Now, we have the following result which provides a necessary and sufficient condition for strict periodic stationarity and periodic ergodicity of model (2.1).

Theorem 2.1

(Strict periodic stationarity)

The PAR-SVs equation given by (2.1) admits a unique (nonanticipative) strictly periodically stationary and periodically ergodic solution given for \(n\in {\mathbb {Z}}\) and \(1\le v\le S\) by

$$\begin{aligned} \varepsilon _{nS+v}=\eta _{nS+v}\exp \left\{ \frac{1}{2}\left( \dfrac{ \sum _{j=0}^{S-1}\prod \limits _{i=0}^{j-1}\beta _{v-i}\alpha _{v-j}}{ 1-\prod \limits _{v=1}^{S}\beta _{v}}+\sum _{j=0}^{\infty }\prod \limits _{i=0}^{j-1}\beta _{v-i}\sigma _{v-j}e_{nS+v-j}\right) \right\} , \end{aligned}$$
(2.4)

where the series in (2.4) converges almost surely, if and only if,

$$\begin{aligned} \left| \prod \limits _{v=1}^{S}\beta _{v}\right| <1. \end{aligned}$$
(2.5)

Proof

The result obviously follows from standard linear periodic autoregression (PAR) theory while using (2.3) (see e.g. Aknouche and Bibi 2009). So, details are omitted. \(\square \)

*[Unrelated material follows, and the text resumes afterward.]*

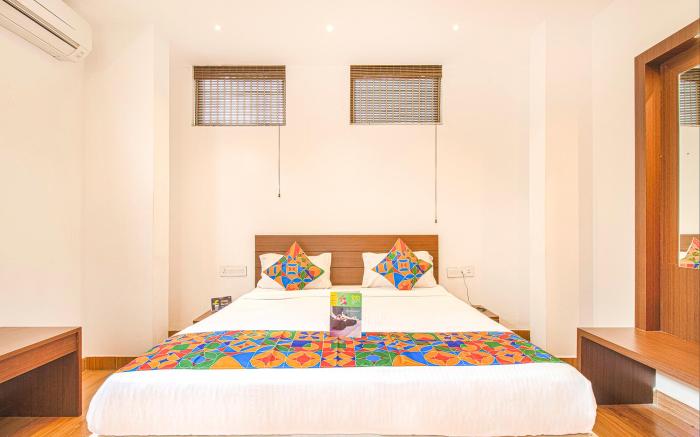 FabHotel Sri Udapi Park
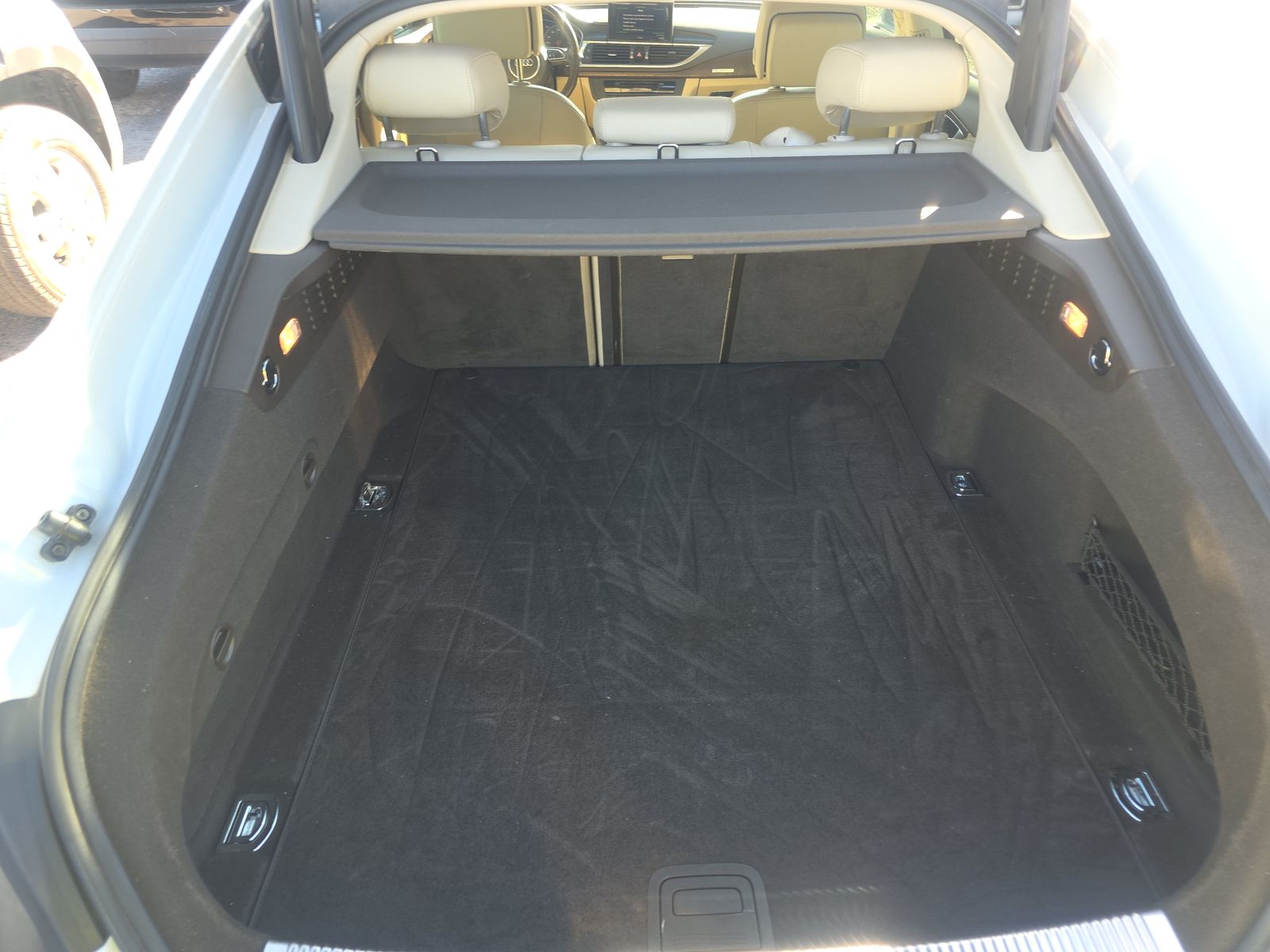 2016 Audi A7 3.0T Premium Plus AWD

From (2.5) we see that the monodromy coefficient \(\prod \nolimits _{v=1}^{S} \beta _{v}\) is the analog of the persistent parameter in the case of time-invariant SV and standard GARCH models.

Other properties such as periodic geometric ergodicity and strong mixing are obvious. Let first say that a strictly periodically stationary stochastic process \(\left\{ \varepsilon _{t},t\in {\mathbb {Z}}\right\} \) is geometrically periodically ergodic if and only if the corresponding multivariate strictly stationary process \(\left\{ \mathbf {\varepsilon }_{t},t\in {\mathbb {Z}}\right\} \) given by \(\mathbf {\varepsilon }_{n}=\left( \varepsilon _{nS+1},\ldots ,\varepsilon _{nS+S}\right) ^{\prime }\) is geometrically ergodic in the classical sense (see e.g. Meyn and Tweedie (2009) for the definition of geometric ergodicity). Similarly, \(\left\{ \varepsilon _{t},t\in {\mathbb {Z}}\right\} \) is said to be periodically \(\beta \) -mixing if and only if \(\left\{ \mathbf {\varepsilon }_{t},t\in {\mathbb {Z}}\right\} \) is \(\beta \)-mixing.

Theorem 2.2

(Geometric periodic ergodicity)

Under the condition \(\left| \prod \nolimits _{v=1}^{S}\beta _{v}\right| <1\), the process \(\left\{ \varepsilon _{t},t\in {\mathbb {Z}}\right\} \) defined by (2.1) is geometrically periodically ergodic and hence is periodically \(\beta \)-mixing.

Proof

The result follows from geometric ergodicity of the vector autoregression \(\{\log H_{n},n\) \(\in {\mathbb {Z}}\}\) given by (2.2), which may be easily established using Meyn and Tweedie’s (2009) results (see also Davis and Mikosch 2009). \(\square \)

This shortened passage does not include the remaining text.